Task description
Up to and including the line that holds "a living room with patio", copy every line of the records below exactly, starting at the first; leave pictures out.

Supplied material
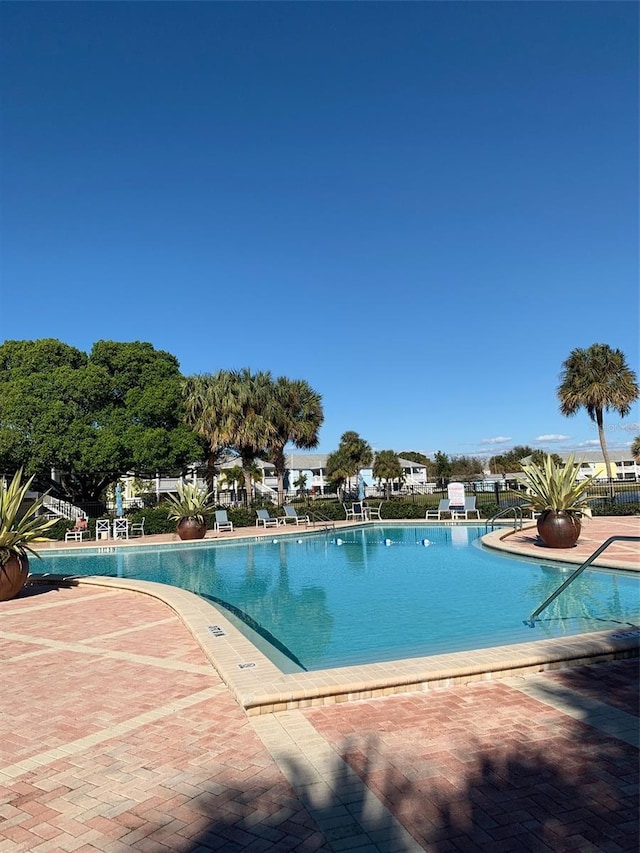 view of swimming pool with a patio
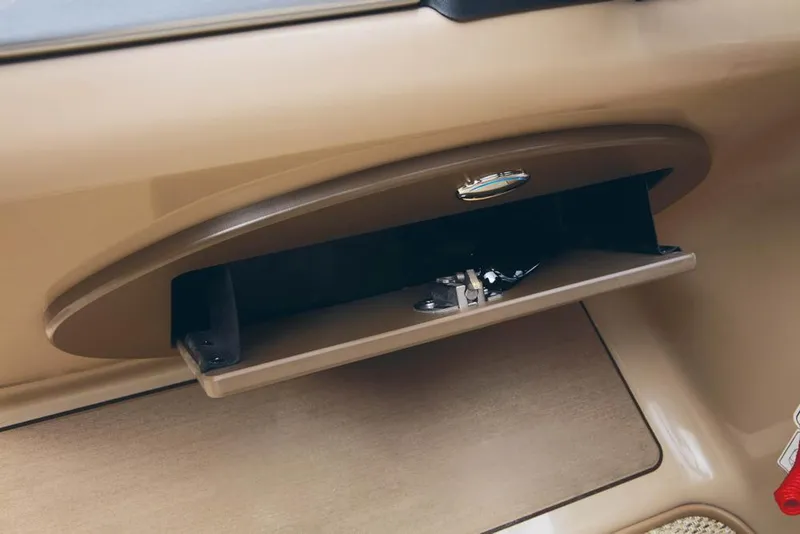Slide: The Image of Open glove compartment of a 2022 Regency 230 DL3. - 38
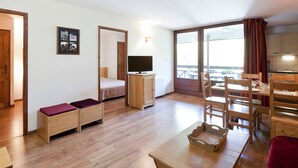Un espacio habitable pequeño con cama, televisor, mesa de comedor con sillas y balcón con vistas.
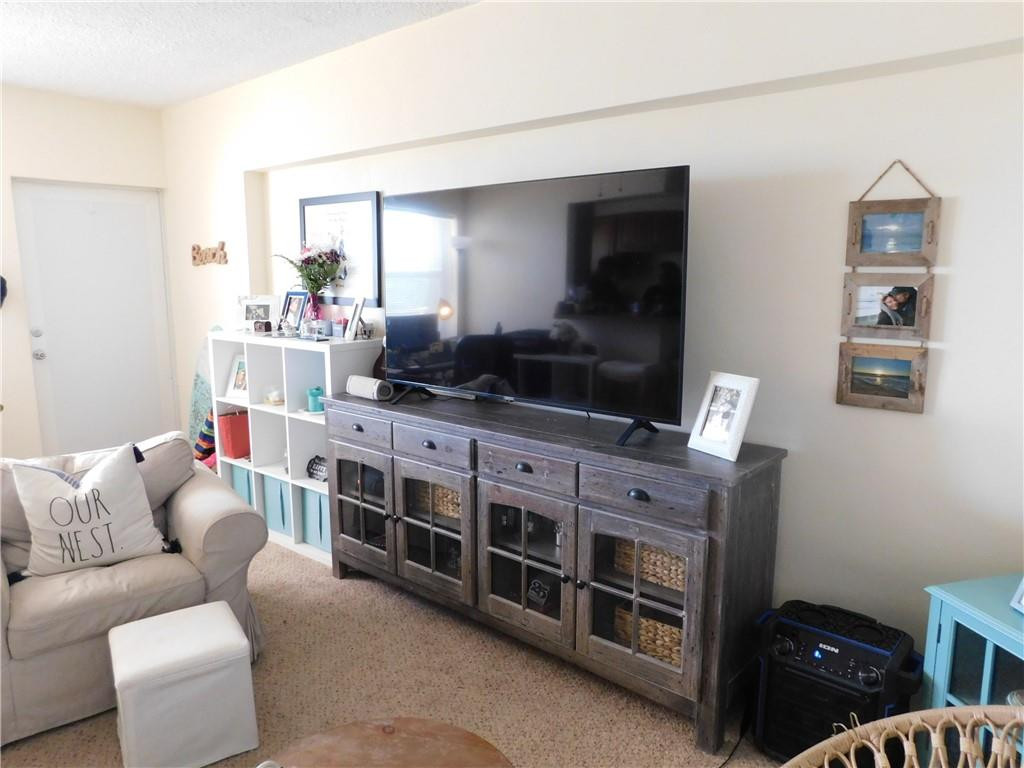 901 South Surf Road, Unit 306 Hollywood, FL 33019 - Photo 18 of 44 a living room with furniture and a flat screen tv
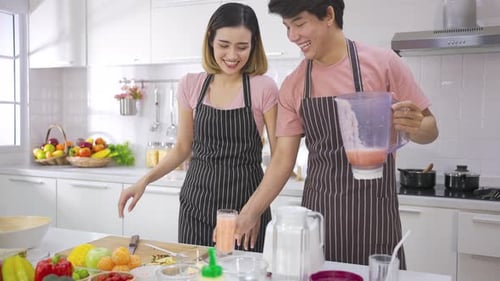 Pareja de jóvenes asiáticos preparando vegetarianos, bebiendo un batido fresco y sonriendo, disfrutando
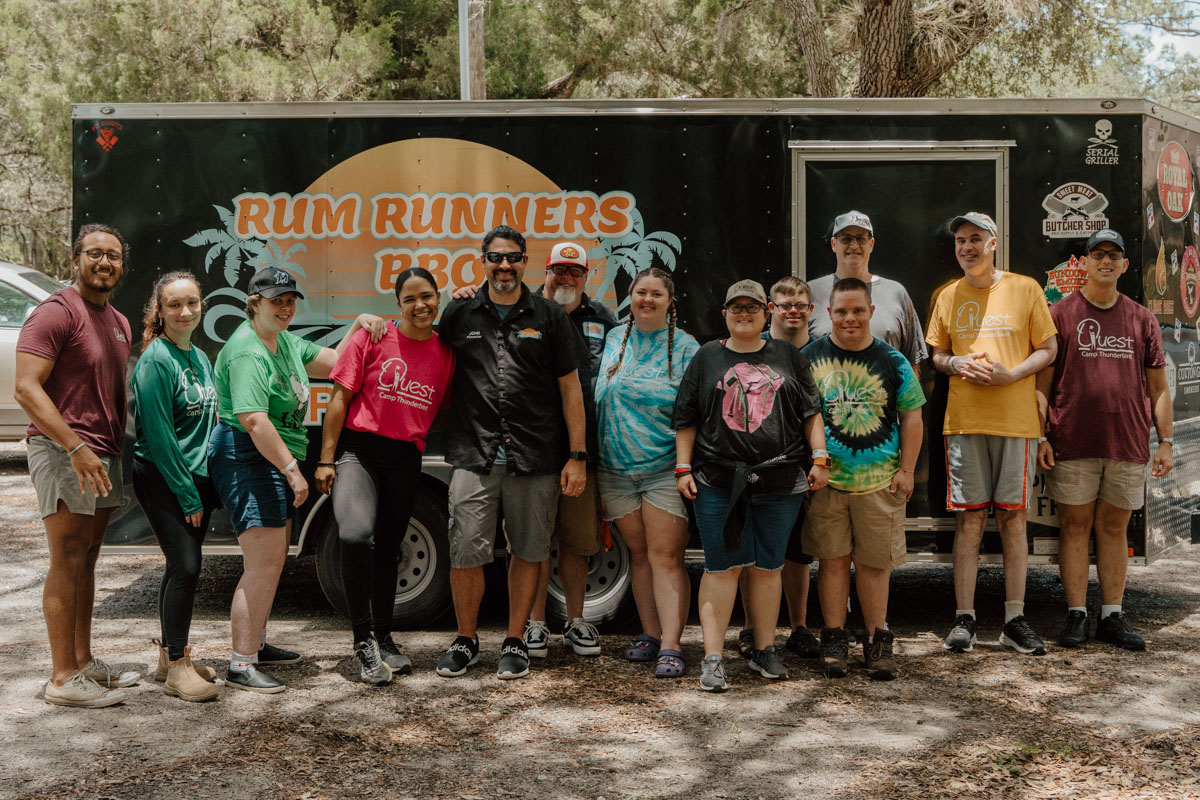 Rum Runners BBQ team poses in front of food truck with staff and guests.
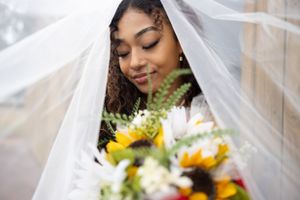 A close-up of a bride with colorful bouquet peeking through her white veil.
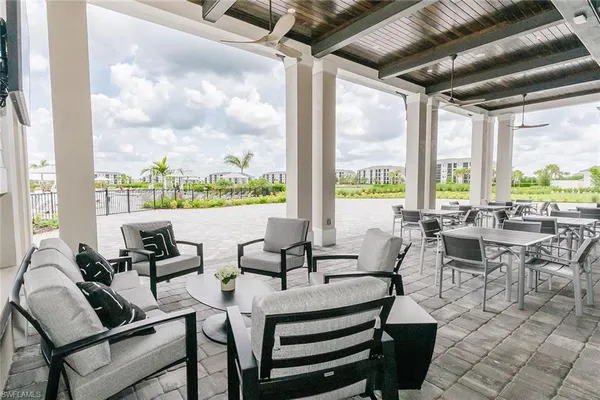 a living room with patio furniture and a floor to ceiling window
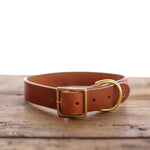 The Ballad of the Bird Dog Leather Dog Collar, crafted from brown leather with a brass buckle and D-ring, is showcased on wood for a classic look against a clean white background.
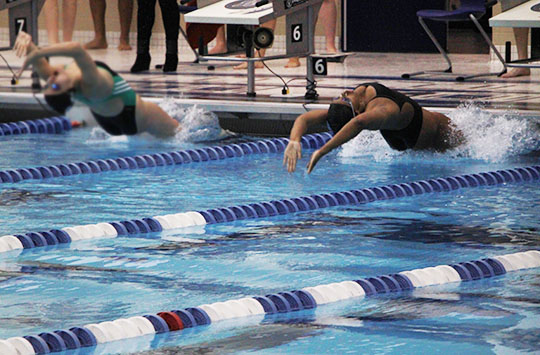 Jourie Wilson (10) goes up against a Valparaiso swimmer as she pushes off to start her race. She was swimming backstroke.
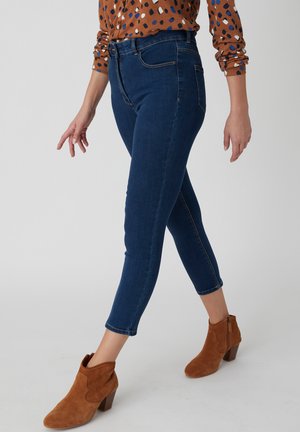 Femme portant un jean court bleu marine, des bottines en suède marron et une chemise à manches longues marron à motif, marchant sur un fond uni.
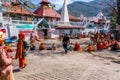 Rishikesh, India - 29.03.2023: Hindu pilgrims near a temple in Rishikesh, Uttarakhand.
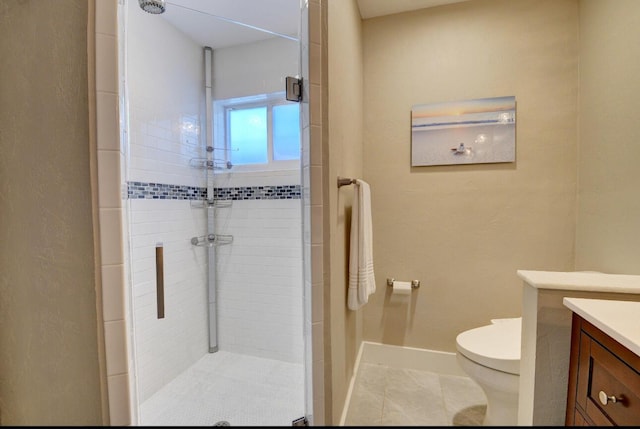 bathroom featuring toilet, a stall shower, and vanity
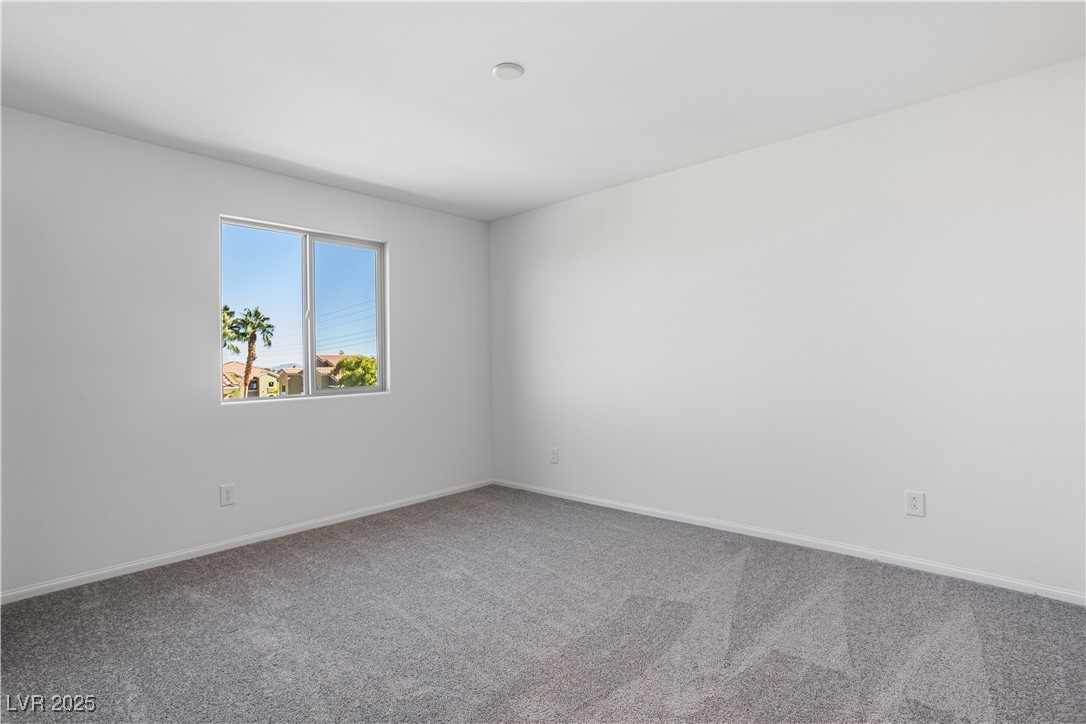 5670 Spring Trellis Street Las Vegas, NV 89113 - Photo 13 of 23 Empty room featuring carpet flooring and baseboards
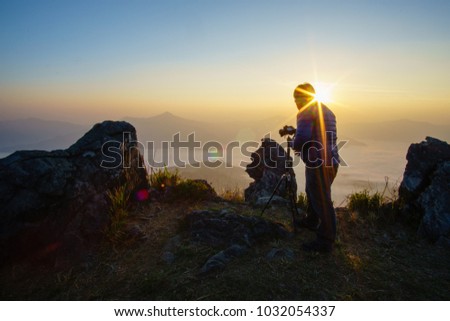 Men who are taking nature pictures Sunset time, silhouette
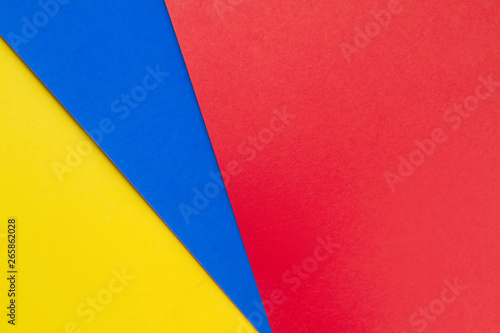 Yellow blue and red papers background.Concept of primary colors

Response to this task
 view of swimming pool with a patio
Slide: The Image of Open glove compartment of a 2022 Regency 230 DL3. - 38
Un espacio habitable pequeño con cama, televisor, mesa de comedor con sillas y balcón con vistas.
 901 South Surf Road, Unit 306 Hollywood, FL 33019 - Photo 18 of 44 a living room with furniture and a flat screen tv
 Pareja de jóvenes asiáticos preparando vegetarianos, bebiendo un batido fresco y sonriendo, disfrutando
 Rum Runners BBQ team poses in front of food truck with staff and guests.
 A close-up of a bride with colorful bouquet peeking through her white veil.
 a living room with patio furniture and a floor to ceiling window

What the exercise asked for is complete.